» WORK TO COMPLETE:
Below are records with pictures. Transcribe exactly, and only, the lines from the line with "Villa Japan - Sanctuary" to the line with "Monster Energy Supercross", both ends included, but not the pictures.

» DATA EXTRACTS:

========

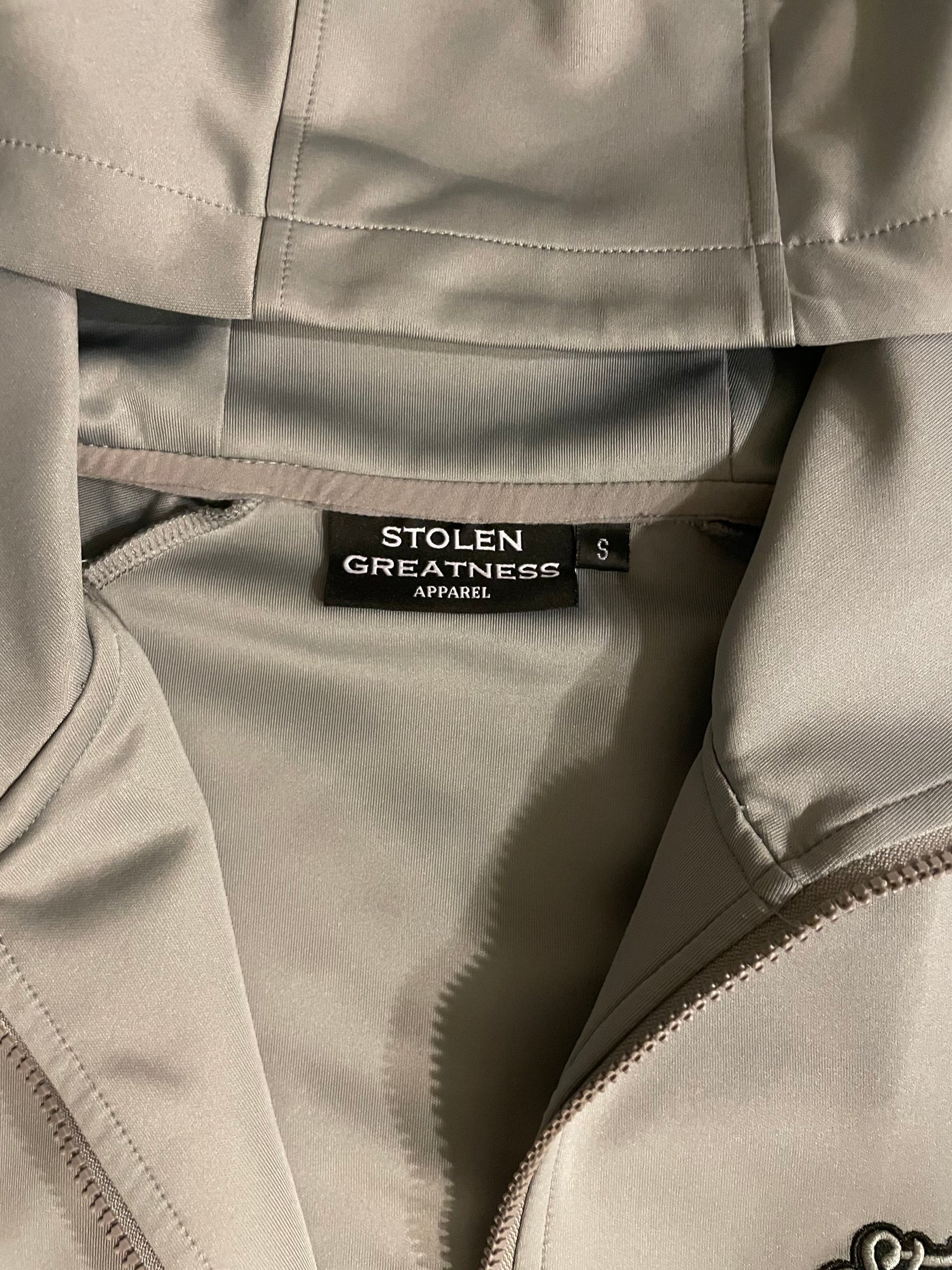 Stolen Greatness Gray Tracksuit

========

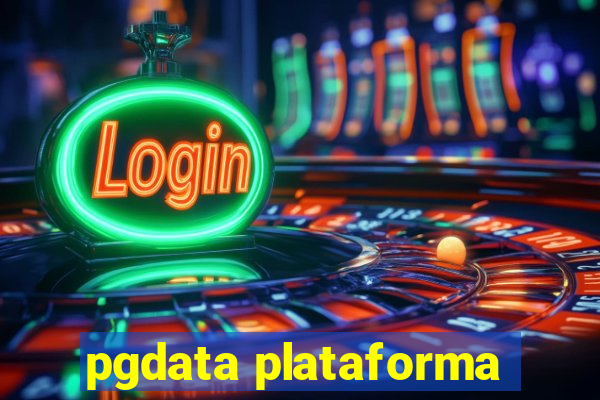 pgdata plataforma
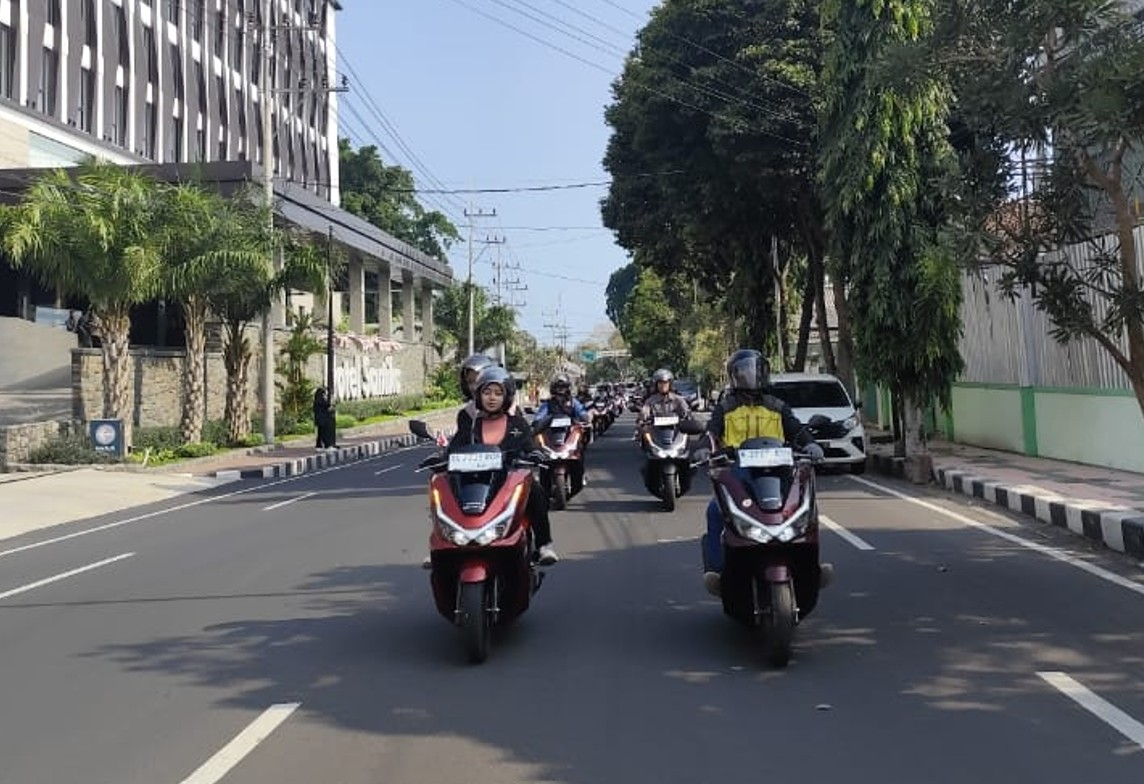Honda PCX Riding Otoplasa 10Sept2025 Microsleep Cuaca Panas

========

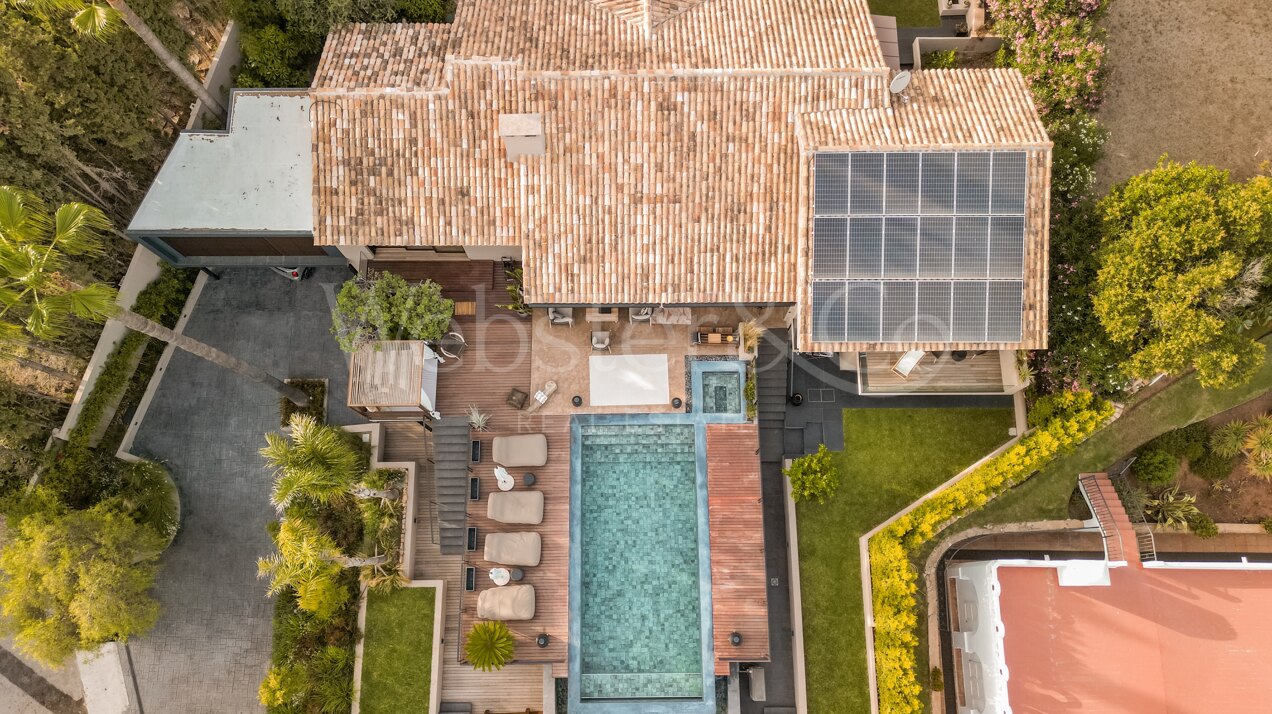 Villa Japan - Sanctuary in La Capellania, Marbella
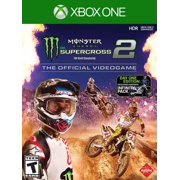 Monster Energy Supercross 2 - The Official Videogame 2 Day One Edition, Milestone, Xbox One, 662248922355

========

» ANSWER SECTION:
 Villa Japan - Sanctuary in La Capellania, Marbella
 Monster Energy Supercross 2 - The Official Videogame 2 Day One Edition, Milestone, Xbox One, 662248922355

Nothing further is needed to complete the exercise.